Blow to West End as Les Miserables and Hamilton producer Sir Cameron Mackintosh makes 200 staff redundant from his theatres

  • English theatres able to open to open for the first time since lockdown yesterday 
  • But social distancing measures mean many owners say it’s not financially viable
  • Sir Cameron said openings may have to be pushed back to next summer 

Sir Cameron Mackintosh has made 200 staff redundant from his West End theatres, the latest blow to an industry already on its knees since the start of lockdown.

Yesterday, English theatres were allowed to open for the first time since the start of lockdown, but with a majority of seats remaining empty to ensure social distancing, many owners say it is not financially viable.

Sir Cameron, 73, who owns eight West End venues and has produced hits such as Les Miserables, Phantom Of The Opera and Hamilton, issued redundancy notices last week after being unable to reopen any of his theatres.

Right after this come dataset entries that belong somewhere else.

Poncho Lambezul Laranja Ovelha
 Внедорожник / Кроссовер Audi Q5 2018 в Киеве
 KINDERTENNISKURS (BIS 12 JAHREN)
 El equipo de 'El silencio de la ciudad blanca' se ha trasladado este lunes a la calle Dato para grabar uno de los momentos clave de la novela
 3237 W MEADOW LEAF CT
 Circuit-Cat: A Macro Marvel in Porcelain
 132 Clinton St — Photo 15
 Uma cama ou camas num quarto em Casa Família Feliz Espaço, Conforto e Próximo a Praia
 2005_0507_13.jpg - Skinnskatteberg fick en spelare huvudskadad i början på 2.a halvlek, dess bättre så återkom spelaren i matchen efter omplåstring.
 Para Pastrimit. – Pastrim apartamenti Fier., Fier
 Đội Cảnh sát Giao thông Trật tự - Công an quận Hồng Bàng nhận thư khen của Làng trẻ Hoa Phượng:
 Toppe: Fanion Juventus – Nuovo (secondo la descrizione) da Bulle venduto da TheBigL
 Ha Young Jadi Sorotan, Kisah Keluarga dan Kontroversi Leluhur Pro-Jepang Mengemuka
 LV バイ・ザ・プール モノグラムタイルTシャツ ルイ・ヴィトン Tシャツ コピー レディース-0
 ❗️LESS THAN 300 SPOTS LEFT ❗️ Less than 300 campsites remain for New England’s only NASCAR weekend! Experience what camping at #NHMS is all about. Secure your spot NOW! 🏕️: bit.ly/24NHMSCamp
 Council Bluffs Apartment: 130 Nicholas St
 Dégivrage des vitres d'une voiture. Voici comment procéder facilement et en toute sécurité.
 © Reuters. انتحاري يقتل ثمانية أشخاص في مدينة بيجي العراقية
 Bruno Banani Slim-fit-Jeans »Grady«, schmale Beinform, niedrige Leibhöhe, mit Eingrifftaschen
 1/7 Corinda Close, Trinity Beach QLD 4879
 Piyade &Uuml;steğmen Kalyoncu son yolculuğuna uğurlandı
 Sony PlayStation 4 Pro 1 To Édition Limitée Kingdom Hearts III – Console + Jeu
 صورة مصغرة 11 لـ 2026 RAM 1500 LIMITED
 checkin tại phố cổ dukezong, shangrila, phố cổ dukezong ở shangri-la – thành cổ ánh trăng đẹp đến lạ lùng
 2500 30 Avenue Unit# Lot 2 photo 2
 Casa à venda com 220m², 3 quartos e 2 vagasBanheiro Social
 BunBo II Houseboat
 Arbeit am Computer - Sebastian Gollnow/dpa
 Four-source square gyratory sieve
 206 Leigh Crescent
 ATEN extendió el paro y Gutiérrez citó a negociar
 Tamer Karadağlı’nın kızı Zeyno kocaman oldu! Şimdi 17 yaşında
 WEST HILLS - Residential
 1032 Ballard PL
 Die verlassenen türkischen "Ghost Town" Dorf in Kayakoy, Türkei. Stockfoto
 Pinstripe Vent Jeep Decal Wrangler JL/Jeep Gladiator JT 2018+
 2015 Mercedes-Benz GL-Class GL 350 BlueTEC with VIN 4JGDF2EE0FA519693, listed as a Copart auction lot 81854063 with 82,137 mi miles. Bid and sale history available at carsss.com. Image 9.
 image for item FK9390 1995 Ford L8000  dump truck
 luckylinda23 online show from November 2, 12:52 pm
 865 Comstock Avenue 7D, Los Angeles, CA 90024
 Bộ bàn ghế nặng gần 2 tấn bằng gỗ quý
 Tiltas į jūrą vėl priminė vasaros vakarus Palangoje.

Sir Cameron Mackintosh has made 200 staff redundant from his West End theatres, the latest blow to an industry already on its knees since the start of lockdown

Boris Johnson recently pledged £1.57 billion to keep the arts sector afloat but Sir Cameron, together with his long-time collaborator Andrew Lloyd Webber, has urged the Government to do more.

Before last week’s decision, Sir Cameron warned: ‘We are likely have to push back our openings until next summer, causing further devastating losses to both the theatre industry and London’s economy – to which I have already contributed more than £1 billion in tax.

‘As a staunch Conservative, I have always admired Boris’s Churchillian spirit and so it would be a tragedy of Shakespearean proportions if history was to mark him down as the Prime Minister who presided over the closing down of one of Britain’s cultural and economic treasures for longer than the Black Death.’

A spokesman for Sir Cameron, who was knighted in 1996 for services to musical theatre, said: ‘It is a very sad time for everyone affected by this thankless situation, one we could never have imagined would have been forced upon the industry.’